## Caption-style text data
◇ ◇ ◇ ◇

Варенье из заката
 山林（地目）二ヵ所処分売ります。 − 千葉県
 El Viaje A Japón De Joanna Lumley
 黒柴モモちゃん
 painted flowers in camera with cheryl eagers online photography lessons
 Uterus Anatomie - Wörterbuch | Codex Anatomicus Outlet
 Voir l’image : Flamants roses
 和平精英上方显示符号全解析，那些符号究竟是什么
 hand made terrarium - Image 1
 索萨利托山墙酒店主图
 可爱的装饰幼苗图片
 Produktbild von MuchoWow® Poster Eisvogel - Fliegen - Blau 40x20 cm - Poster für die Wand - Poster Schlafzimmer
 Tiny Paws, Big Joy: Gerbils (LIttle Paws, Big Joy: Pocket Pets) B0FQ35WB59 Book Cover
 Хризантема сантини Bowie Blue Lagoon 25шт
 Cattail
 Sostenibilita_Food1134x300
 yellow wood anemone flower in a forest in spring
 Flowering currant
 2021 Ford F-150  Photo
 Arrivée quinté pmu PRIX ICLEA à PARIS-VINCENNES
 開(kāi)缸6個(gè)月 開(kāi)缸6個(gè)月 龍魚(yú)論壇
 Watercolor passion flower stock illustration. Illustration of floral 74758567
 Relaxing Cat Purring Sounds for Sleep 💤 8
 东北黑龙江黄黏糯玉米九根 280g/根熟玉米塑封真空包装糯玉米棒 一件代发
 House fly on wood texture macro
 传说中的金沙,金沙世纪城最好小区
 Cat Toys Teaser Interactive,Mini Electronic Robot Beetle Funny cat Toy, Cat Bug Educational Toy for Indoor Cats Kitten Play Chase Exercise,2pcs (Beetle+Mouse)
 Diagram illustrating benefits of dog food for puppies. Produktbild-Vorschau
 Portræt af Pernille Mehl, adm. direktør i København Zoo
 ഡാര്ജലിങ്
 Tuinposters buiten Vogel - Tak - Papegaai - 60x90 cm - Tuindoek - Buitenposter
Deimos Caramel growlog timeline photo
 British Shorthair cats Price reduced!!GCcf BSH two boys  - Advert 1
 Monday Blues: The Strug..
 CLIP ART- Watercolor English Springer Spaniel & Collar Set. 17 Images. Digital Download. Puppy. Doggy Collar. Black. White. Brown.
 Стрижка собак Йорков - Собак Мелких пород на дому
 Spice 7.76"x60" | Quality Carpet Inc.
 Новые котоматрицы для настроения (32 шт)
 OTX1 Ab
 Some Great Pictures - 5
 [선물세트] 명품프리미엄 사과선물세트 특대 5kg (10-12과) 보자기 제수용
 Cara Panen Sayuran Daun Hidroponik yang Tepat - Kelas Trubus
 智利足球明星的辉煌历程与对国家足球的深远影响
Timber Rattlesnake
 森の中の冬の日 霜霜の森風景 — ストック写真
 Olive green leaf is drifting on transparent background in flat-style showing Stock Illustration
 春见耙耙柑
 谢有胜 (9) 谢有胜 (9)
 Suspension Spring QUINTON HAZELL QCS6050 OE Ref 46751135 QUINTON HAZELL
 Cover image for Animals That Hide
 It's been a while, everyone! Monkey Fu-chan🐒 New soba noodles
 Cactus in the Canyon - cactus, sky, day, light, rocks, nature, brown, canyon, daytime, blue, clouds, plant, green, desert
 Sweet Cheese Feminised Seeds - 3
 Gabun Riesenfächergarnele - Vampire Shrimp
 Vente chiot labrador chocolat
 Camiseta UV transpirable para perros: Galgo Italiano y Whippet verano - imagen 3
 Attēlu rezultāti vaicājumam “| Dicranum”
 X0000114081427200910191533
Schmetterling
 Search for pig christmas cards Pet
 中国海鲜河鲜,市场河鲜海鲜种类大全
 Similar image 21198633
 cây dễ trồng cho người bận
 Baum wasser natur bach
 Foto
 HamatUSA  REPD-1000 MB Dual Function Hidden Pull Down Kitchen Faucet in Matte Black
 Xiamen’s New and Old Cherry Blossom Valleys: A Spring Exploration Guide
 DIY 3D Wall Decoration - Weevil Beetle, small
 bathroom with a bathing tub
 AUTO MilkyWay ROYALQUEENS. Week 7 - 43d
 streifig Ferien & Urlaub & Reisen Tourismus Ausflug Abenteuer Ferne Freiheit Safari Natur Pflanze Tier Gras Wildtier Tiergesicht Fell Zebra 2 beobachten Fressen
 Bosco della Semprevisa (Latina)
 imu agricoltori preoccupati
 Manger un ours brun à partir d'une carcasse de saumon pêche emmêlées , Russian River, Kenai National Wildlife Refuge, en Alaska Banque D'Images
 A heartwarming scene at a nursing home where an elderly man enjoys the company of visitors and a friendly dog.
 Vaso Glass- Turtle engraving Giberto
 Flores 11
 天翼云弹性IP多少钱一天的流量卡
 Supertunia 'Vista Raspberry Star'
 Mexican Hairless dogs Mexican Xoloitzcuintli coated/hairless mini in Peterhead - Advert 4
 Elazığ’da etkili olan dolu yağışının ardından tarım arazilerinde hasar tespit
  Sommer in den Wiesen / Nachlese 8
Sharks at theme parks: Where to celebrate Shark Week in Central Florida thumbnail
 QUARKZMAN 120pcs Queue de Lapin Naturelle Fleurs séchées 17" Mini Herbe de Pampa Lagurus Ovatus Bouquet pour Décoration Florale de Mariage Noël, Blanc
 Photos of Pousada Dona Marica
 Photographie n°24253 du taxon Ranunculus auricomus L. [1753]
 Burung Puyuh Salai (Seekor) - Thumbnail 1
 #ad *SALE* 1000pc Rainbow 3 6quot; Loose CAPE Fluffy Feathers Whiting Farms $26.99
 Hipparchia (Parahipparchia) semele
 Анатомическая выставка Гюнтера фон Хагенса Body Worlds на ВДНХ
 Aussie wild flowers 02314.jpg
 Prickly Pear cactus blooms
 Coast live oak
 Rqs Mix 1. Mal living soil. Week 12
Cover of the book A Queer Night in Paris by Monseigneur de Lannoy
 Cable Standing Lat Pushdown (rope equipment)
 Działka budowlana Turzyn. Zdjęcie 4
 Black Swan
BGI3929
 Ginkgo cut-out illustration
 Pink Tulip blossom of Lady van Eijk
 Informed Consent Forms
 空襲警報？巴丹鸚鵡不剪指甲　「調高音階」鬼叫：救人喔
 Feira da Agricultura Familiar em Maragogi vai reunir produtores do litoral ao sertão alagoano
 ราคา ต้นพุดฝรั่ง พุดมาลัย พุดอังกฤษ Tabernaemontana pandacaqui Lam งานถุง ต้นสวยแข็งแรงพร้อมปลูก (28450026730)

◇ ◇ ◇ ◇

## TASK DESCRIPTION
Look above for the line holding "Mexican Hairless dogs". Print it and every line after it, exactly, through the line holding "Prickly Pear cactus blooms".

## COMPLETED EXERCISE
 Mexican Hairless dogs Mexican Xoloitzcuintli coated/hairless mini in Peterhead - Advert 4
 Elazığ’da etkili olan dolu yağışının ardından tarım arazilerinde hasar tespit
  Sommer in den Wiesen / Nachlese 8
Sharks at theme parks: Where to celebrate Shark Week in Central Florida thumbnail
 QUARKZMAN 120pcs Queue de Lapin Naturelle Fleurs séchées 17" Mini Herbe de Pampa Lagurus Ovatus Bouquet pour Décoration Florale de Mariage Noël, Blanc
 Photos of Pousada Dona Marica
 Photographie n°24253 du taxon Ranunculus auricomus L. [1753]
 Burung Puyuh Salai (Seekor) - Thumbnail 1
 #ad *SALE* 1000pc Rainbow 3 6quot; Loose CAPE Fluffy Feathers Whiting Farms $26.99
 Hipparchia (Parahipparchia) semele
 Анатомическая выставка Гюнтера фон Хагенса Body Worlds на ВДНХ
 Aussie wild flowers 02314.jpg
 Prickly Pear cactus blooms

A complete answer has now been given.